Image-caption web data
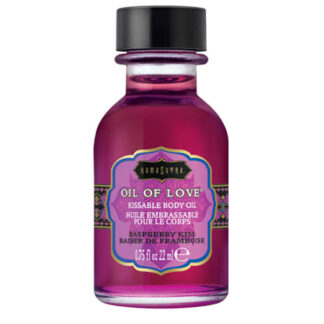 Kama Sutra Oil of Love - Raspberry Kiss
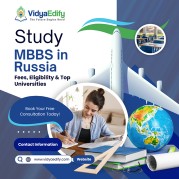 Noida, Education, Study MBBS In Russia 2026-27 &ndash; Fees, Eligibility & Top Universities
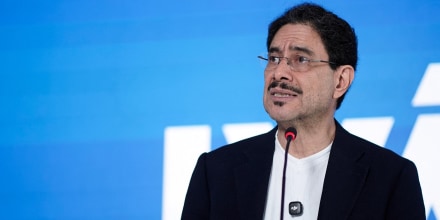 Cepeda reconoce su derrota ante Abelardo de la Espriella en elecciones presidenciales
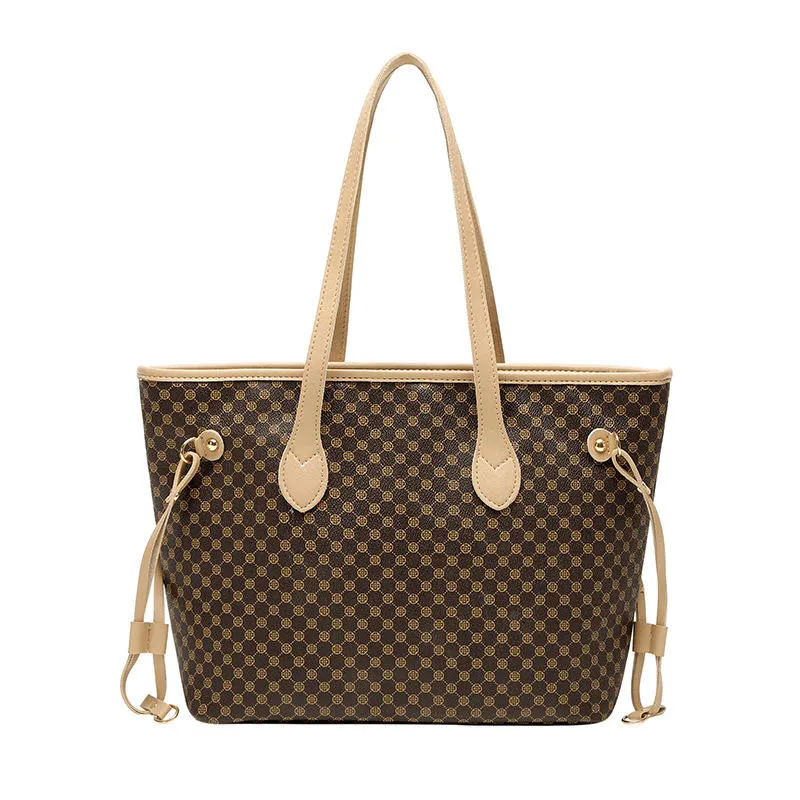 2023 Handbags Fashion Mommy Bags Trendy Shopping Bags
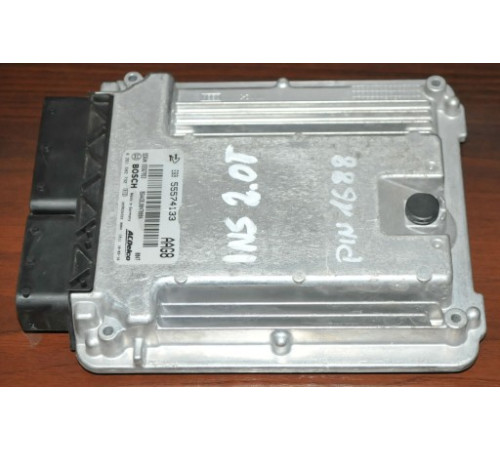ДРАЙВЕР КОМПЬЮТЕР OPEL INSIGNIA 2.0 T 55574133 PIN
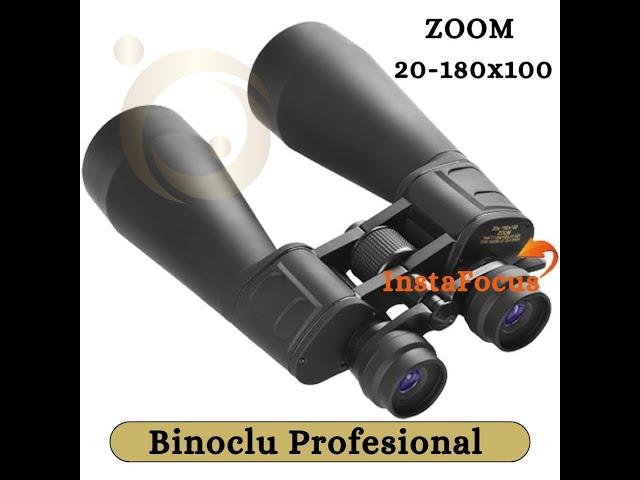 Binoclu StartONTeam EagleEye UltraZoom 20 180x100, Profesional de vanatoare, de Putere pentru Distan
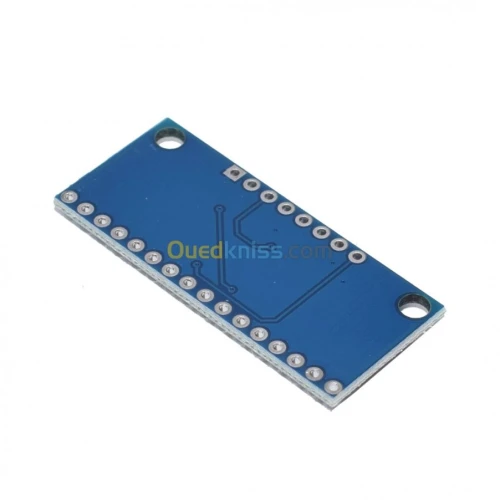 multiplexeur 74HC4067 16 canaux Arduino 
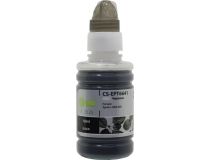 Чернила Cactus CS-EPT6641 Black для Epson L100/L200 (100мл)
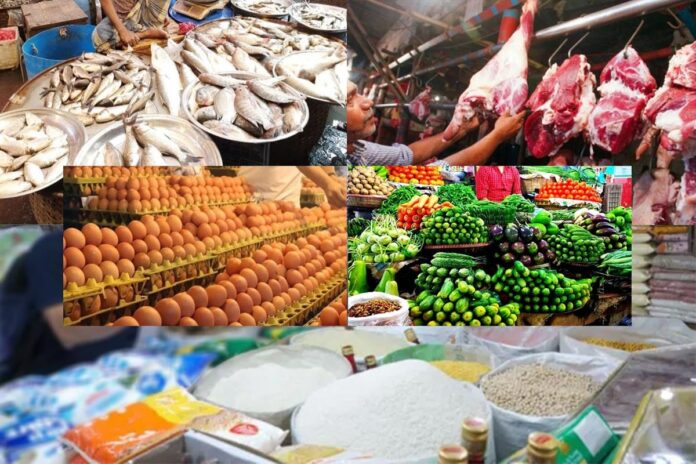 দ্রব্যমূল্যের ঊর্ধ্বগতিতে উদ্বিগ্ন ৭০% মানুষ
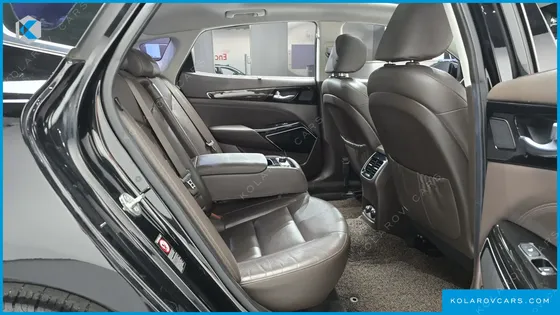 KIA K7 2.2 DIESEL NOBLESSE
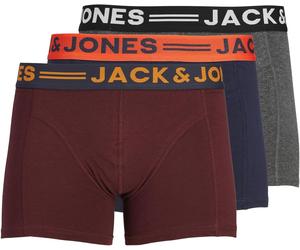 JACK & JONES Male Trunks 3er-Pack Trunks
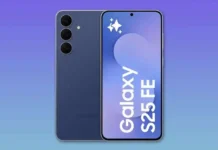 Samsung Galaxy S25 FE scontato di oltre 200€: affare d’oro su eBay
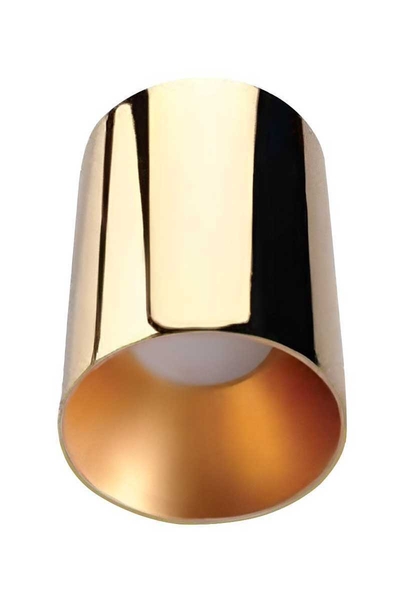 ACK - ACK AH12-08596 Mat Rose Reflektör Altın Kasa Sıva Üstü Dekoratif Armatür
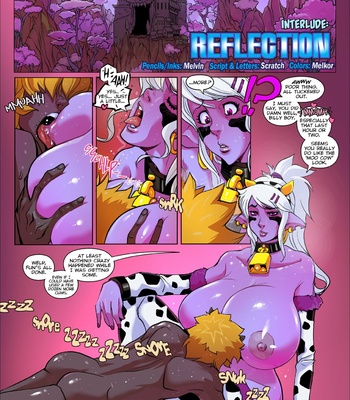 Mana World 20.5 – Reflection comic porn thumbnail 001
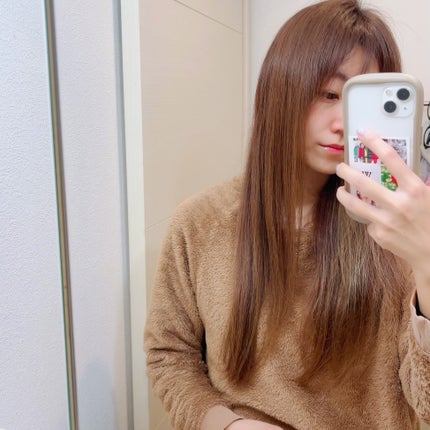 モイスチュアソフニング エマルジョン モイスチュアリペア/スティーブンノル ニューヨーク/ヘアミルクを使ったクチコミ(2枚目)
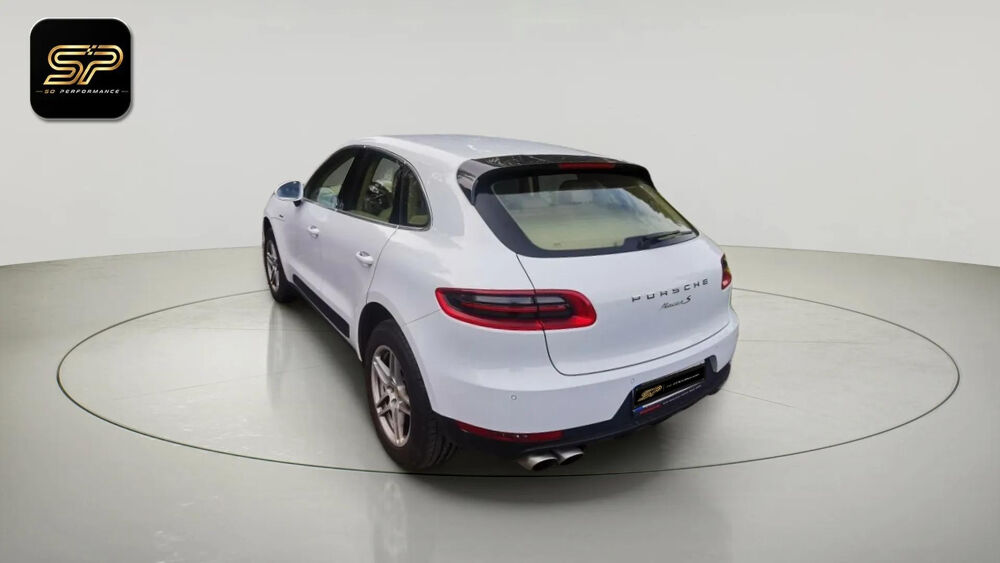 Macan S V6 TDI * 258 ch * 4x4 * Cam&eacute;ra * Cuir * Volant Chauffant 2016 occasion 33150 Cenon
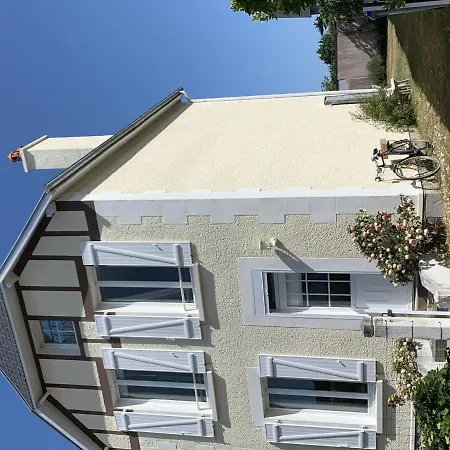 Au Calme Avec Jardin, Proche Et Commerces, Wifi Et Equipements Complets - Fr-1-361-117 *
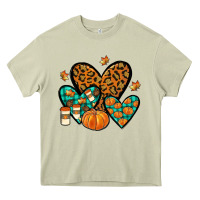Mossy love fall Heavy Core Tee - JahusDesignShop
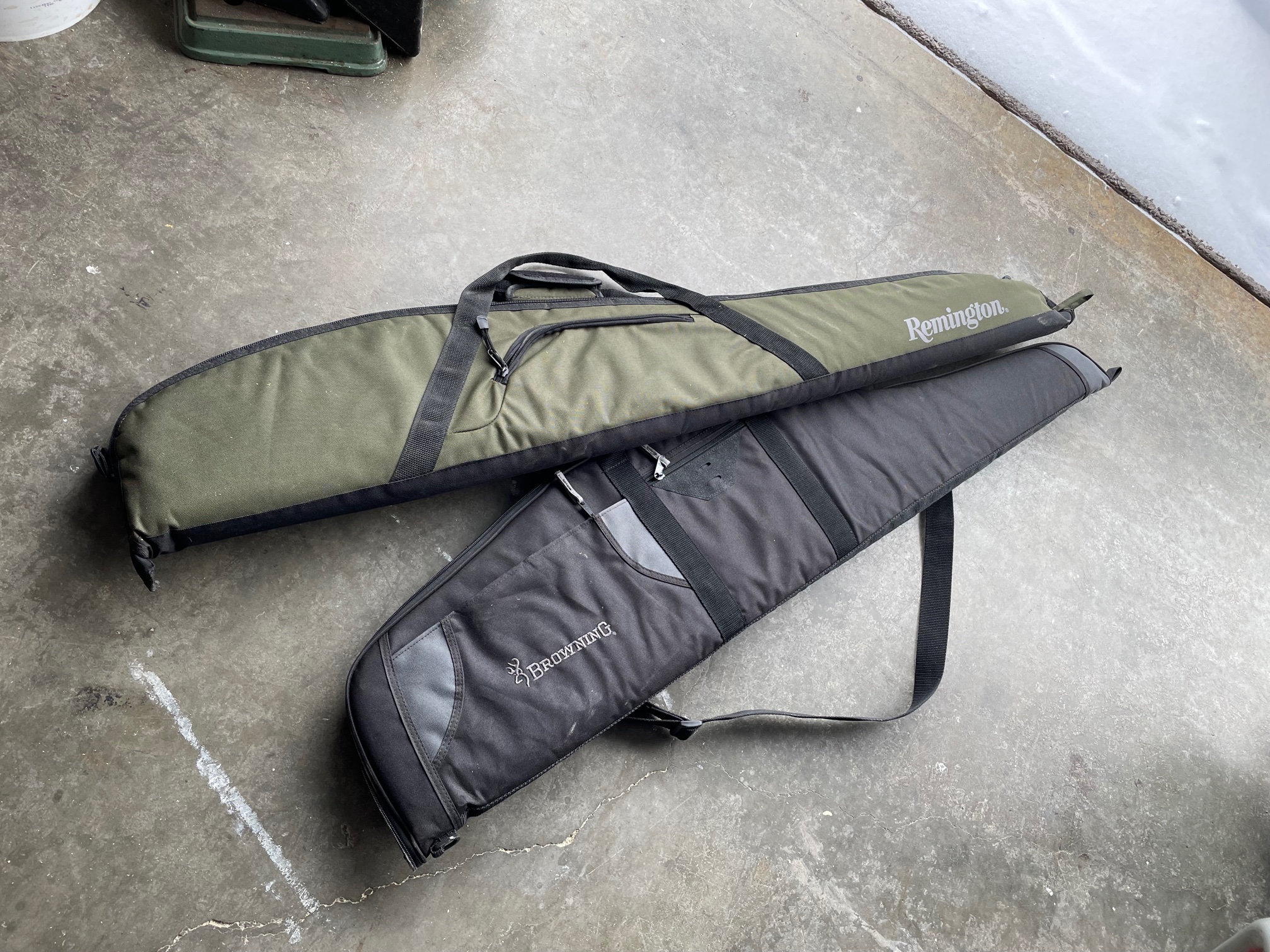 Photo of Gun Cases - Soft and Hard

EXERCISE BRIEF: Word for word, write out each of the records, but not the pictures.

TASK SOLUTION:
 Kama Sutra Oil of Love - Raspberry Kiss
 Noida, Education, Study MBBS In Russia 2026-27 &ndash; Fees, Eligibility & Top Universities
 Cepeda reconoce su derrota ante Abelardo de la Espriella en elecciones presidenciales
 2023 Handbags Fashion Mommy Bags Trendy Shopping Bags
ДРАЙВЕР КОМПЬЮТЕР OPEL INSIGNIA 2.0 T 55574133 PIN
 Binoclu StartONTeam EagleEye UltraZoom 20 180x100, Profesional de vanatoare, de Putere pentru Distan
 multiplexeur 74HC4067 16 canaux Arduino 
 Чернила Cactus CS-EPT6641 Black для Epson L100/L200 (100мл)
 দ্রব্যমূল্যের ঊর্ধ্বগতিতে উদ্বিগ্ন ৭০% মানুষ
 KIA K7 2.2 DIESEL NOBLESSE
 JACK & JONES Male Trunks 3er-Pack Trunks
 Samsung Galaxy S25 FE scontato di oltre 200€: affare d’oro su eBay
 ACK - ACK AH12-08596 Mat Rose Reflektör Altın Kasa Sıva Üstü Dekoratif Armatür
 Mana World 20.5 – Reflection comic porn thumbnail 001
 モイスチュアソフニング エマルジョン モイスチュアリペア/スティーブンノル ニューヨーク/ヘアミルクを使ったクチコミ(2枚目)
 Macan S V6 TDI * 258 ch * 4x4 * Cam&eacute;ra * Cuir * Volant Chauffant 2016 occasion 33150 Cenon
 Au Calme Avec Jardin, Proche Et Commerces, Wifi Et Equipements Complets - Fr-1-361-117 *
Mossy love fall Heavy Core Tee - JahusDesignShop
 Photo of Gun Cases - Soft and Hard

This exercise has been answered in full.